Once we have been to Tirupati. The aged Swami was then in our camp. I went up the hill to worship Balaji. Just as I was returning from the temple after Balaji Darshan the aged Sannyasi who had managed to arrive at the top of the hill confronted us. The temple authorities, in defer­ence to his old age, Ashrama and connection with our Mutt, offered to arrange for his Darshan of Balaji. He fell at my feet and exclaimed “This is Balaji. Pardon me, I ca not accept your offer”. He returned without Balaji’s Darshan.

I came into contact with two other persons, both of them quite in contrast with this old man. They were not acquainted with each other and were removed by 30 years of time; but they thought and acted on the same lines.

They were full of ecstasy in the adoration of my feet, absorbed in thoughts of me all day and night, which, they told me, gave them im­measurable strength to bear any ca­lamity or temptation verylightly. But when they came to know of my shortcomings and natural unsteadi­ness, not only did they discontinue their worship of my feet but also did their best to prevent anyone from gaining access to my feet as they thought that adoration of my feet by devotees contributed in a degree to my limitation.

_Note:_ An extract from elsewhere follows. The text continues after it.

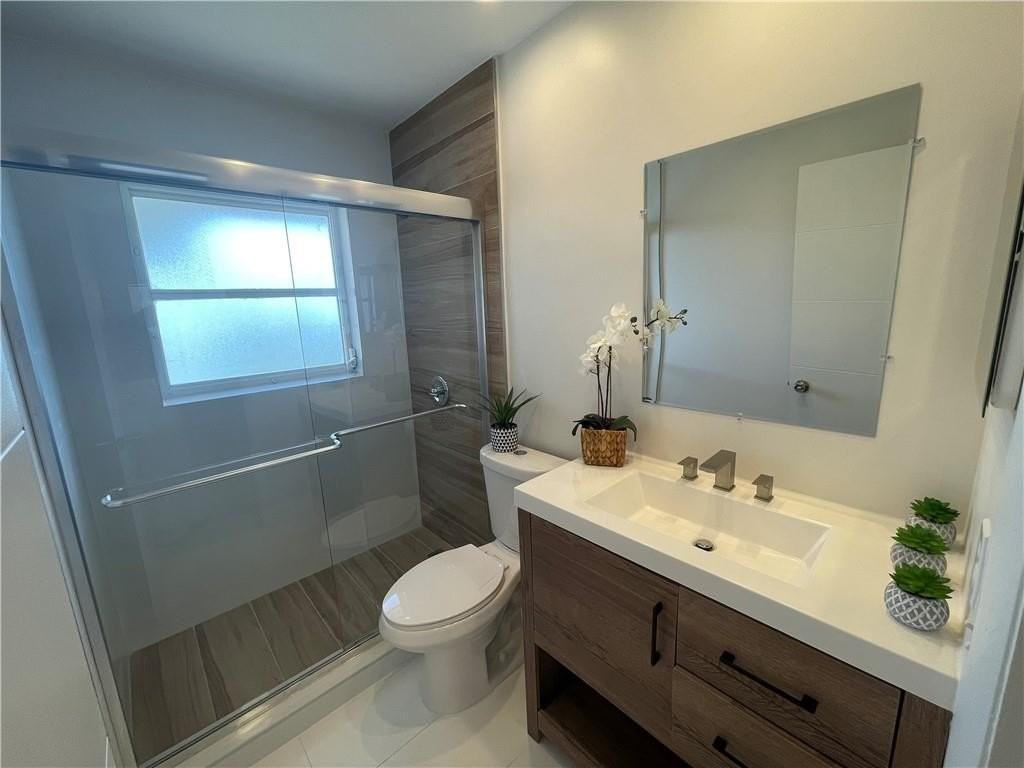 3930 Crystal Lake Dr #315 - Photo 4 of 22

They too renounced all other responsibilities of their life and re­solved to spend the rest of their life in either entreating and imploring me or being engaged in austerities and prayers for my correction.

Life has taught me only this: “God has created some souls to live for others only.”




“Feeding the hungry and quenching the thirst of the thirsty have been regarded as great charitable acts by our law-givers. Digging a tank is a great source of help for all living beings, not only for man.

Thinking that all living beings are forms of God, let us help other beings with God-given hands and legs, considering it as an offering to God”.

Sri Chandrasekharendra Saraswathi

‘All of you are part of me. What I must pray to God is to bless me to develop my own internal strength. When I achieve that, you will reform your­self automatically. So when I pray for myself, I pray for you all.